Still widely read, Steinbeck’s crowning achievement is undoubtedly The Grapes of Wrath (1939), for which he won the Pulitzer Prize. Its protagonist, Tom Joad, is an Oklahoma farm hand driven out of the Dust Bowl with his family and thousands of others by economic hardship to seek a new life in the Promised Land of the west coast.
The strength of the novel – famously filmed by John Ford in 1940 starring Henry Fonda as Joad – lies in its profound sympathy for its working-class characters and outrage at the indignities inflicted upon them by the “greedy bastards” responsible for bringing America to its knees during the Wall Street Crash of 1929.
Folk troubadour Woody Guthrie, a fellow “Okie” with the proto-punk slogan “This Machine Kills Fascists” emblazoned upon his guitar, closely identified with the book and wrote both a song about Joad and an album called Dust Bowl Ballads in 1940.
Bob Dylan, Bruce Springsteen, Billy Bragg and many others have all since followed his example in bringing popular protest against matters of social injustice to the mainstream.
George Orwell (1903-1950)
George Orwell’s Animal Farm (1945) and Nineteen Eighty-Four (1949) remain the most widely read leftist books in the world six decades on from their original publication.
These post-war warnings against totalitarianism continue to resonate because the concerns the author raised regarding state propaganda and surveillance as control mechanisms have sadly only become more pertinent with advances in digital technology and the passage of time.
“Orwellian” is an adjective that has been regularly used of late to criticise Donald Trump’s attempt to discredit critical media outlets with the newspeak phrase “fake news” – his Counsellor Kellyanne Conway’s ”alternative facts” is even closer – while everyone knows his coinages ”Big Brother”, “thought police”, “doublethink” and “Room 101”.

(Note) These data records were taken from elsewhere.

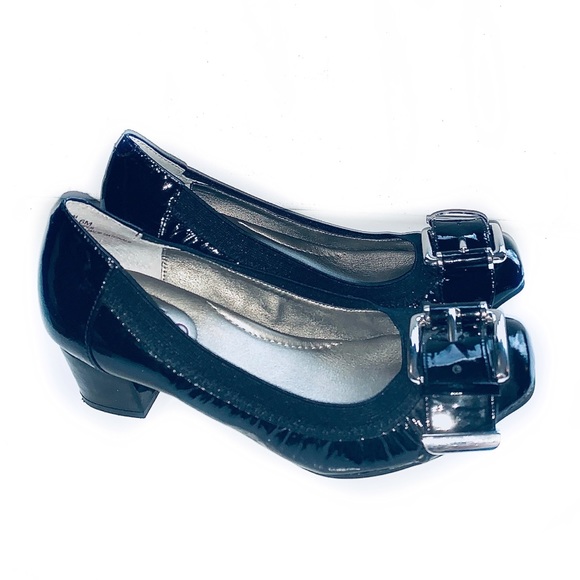Me too 6 Black Patent Leather Buckle Heels - Picture 3 of 6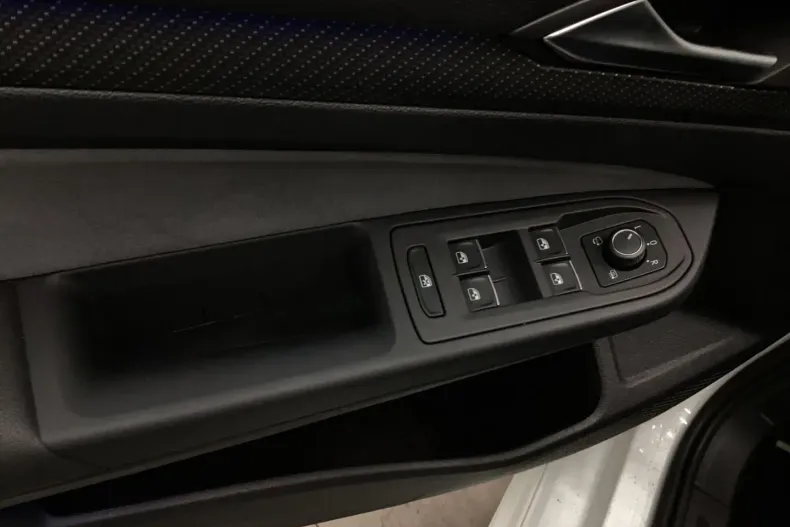 Volkswagen Golf din 2022 cu 89.300 km - oferta VOL182260 - foto 7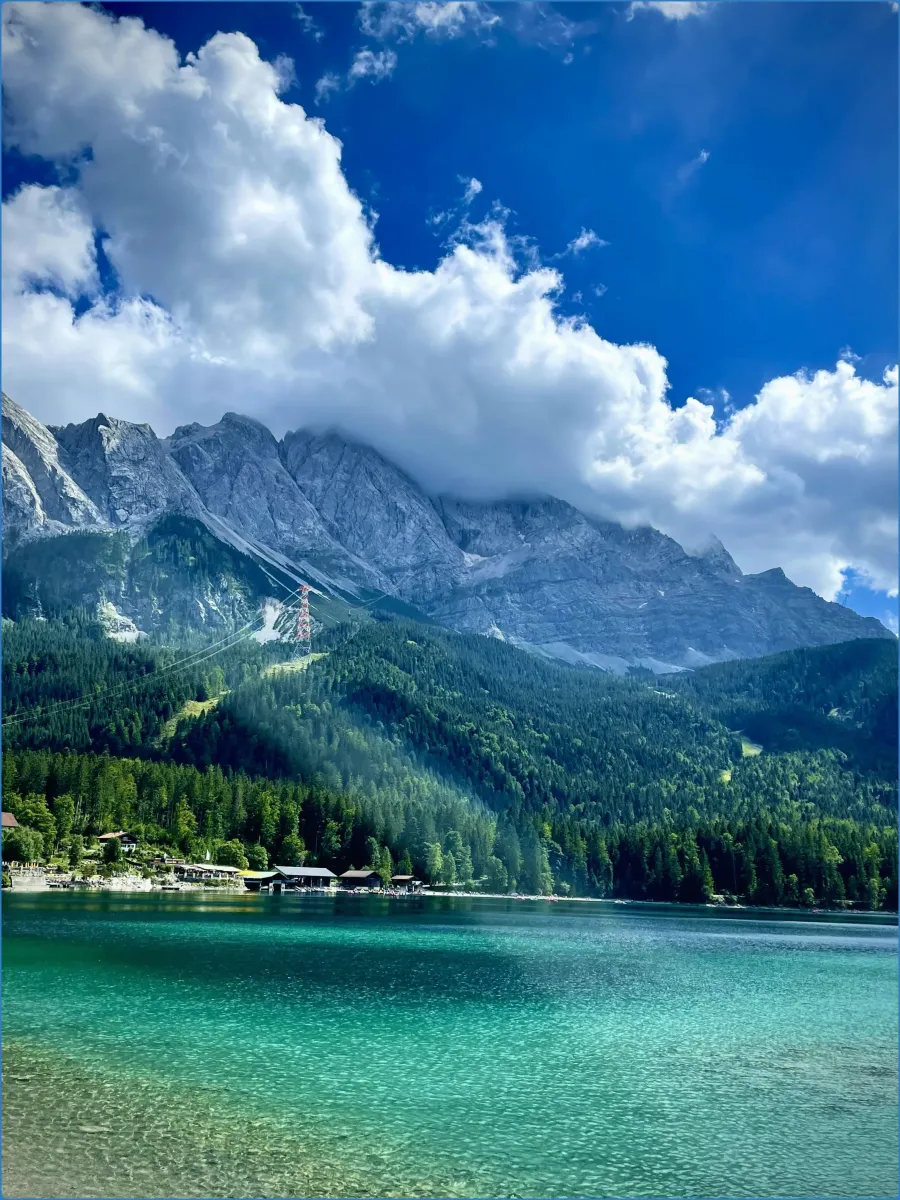 Berglandschaft mit See und Wolken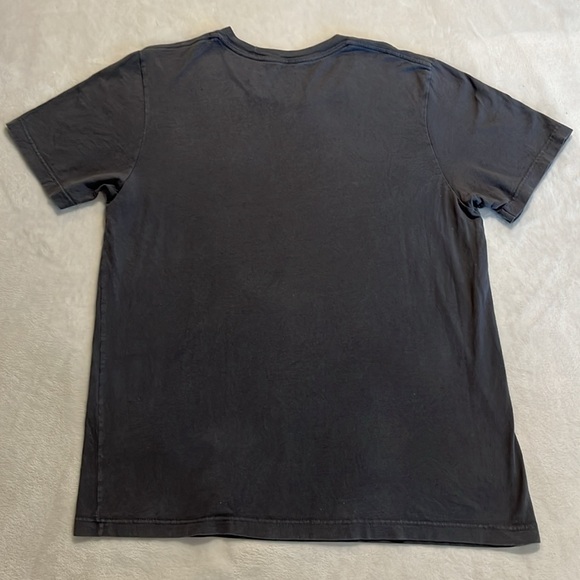 Men’s Gray Short Sleeve Tee – Size M – Simple & Casual Everyday Fit - Picture 2 of 2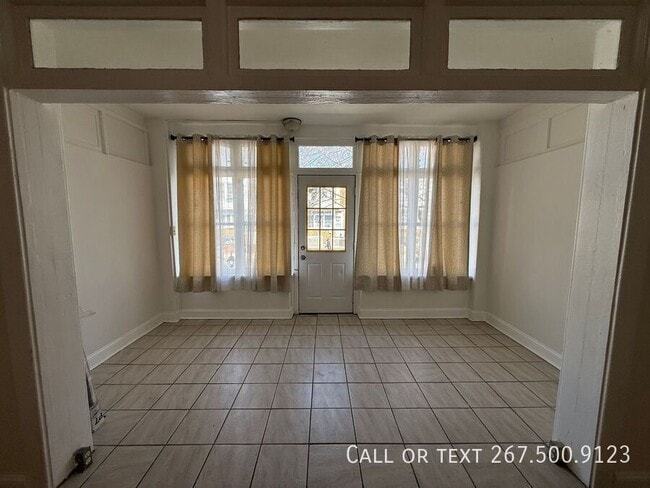 Building Photo - 226 W Ruscomb St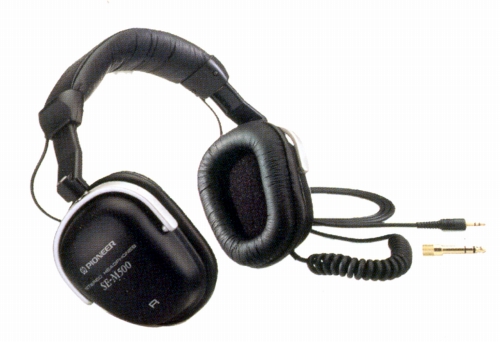 SE-M500.JPG - 91,220BYTES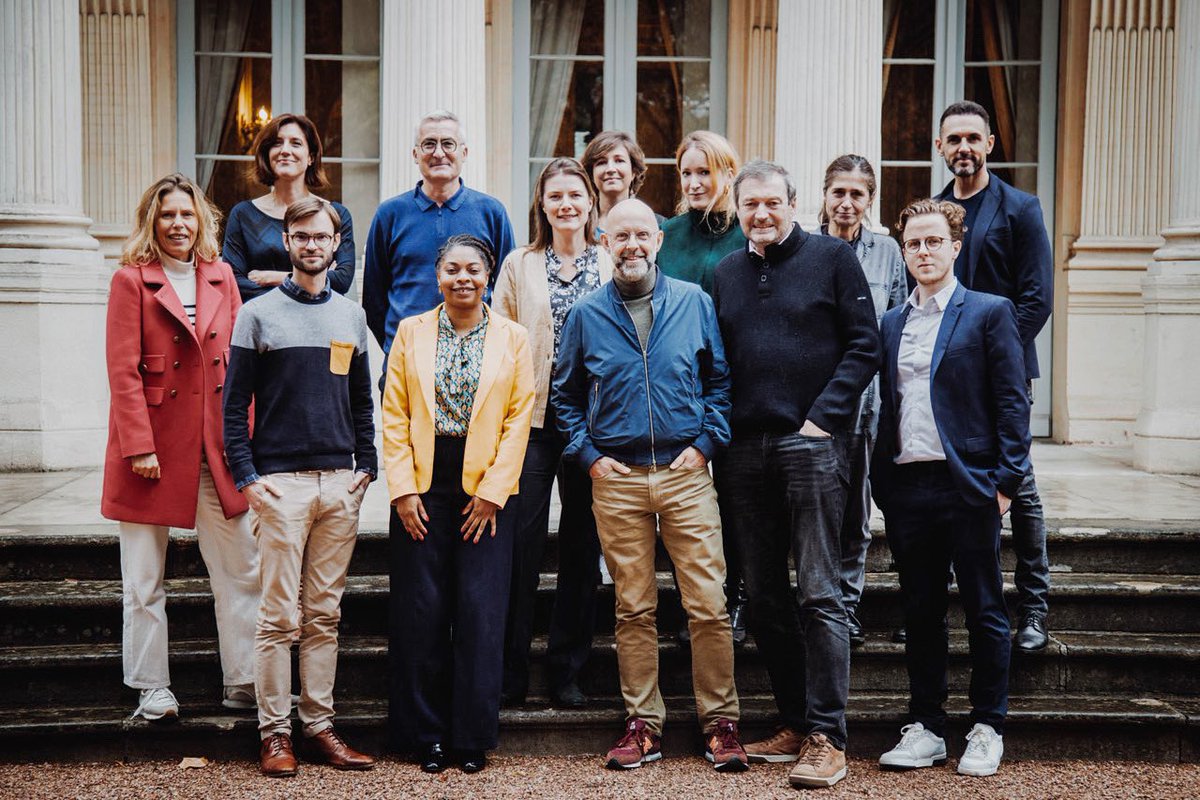 Fin de session du jury des #TrophéesCom du Sud-Ouest sous la pluie. Direction la cérémonie de remise des prix aux côtés de <a href="/APACOMaquitaine/">APACOM</a> et <a href="/clubdelacom_/">Club de la Com</a>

As well as the Cassandra of dystopia, Orwell was a thoughtful observer of urban poverty and unemployment in works like Down and Out in Paris and London (1933) and The Road to Wigan Pier (1937), speaking of his “hatred of oppression” in the latter, a passion that saw him volunteer for the Spanish Civil War to oppose Franco’s fascists.
Richard Llewllyn (1906-1983)
Like Steinbeck, the Welsh novelist benefited from a John Ford adaptation of his work, the Western director filming Llewllyn’s 1939 book How Green Was My Valley in 1941 and raising its profile when it won the Best Picture from under the nose of Orson Welles’ Citizen Kane, now routinely voted the greatest film of all time.
That novel depicted the lives of coal miners in the Valleys of South Wales, movingly contrasting the narrator’s nostalgia for a Victorian childhood of home cooking and hymns, genteel poverty and first love among the daffodils, with the horrific peril of life below ground – a subject that unites him with Zola.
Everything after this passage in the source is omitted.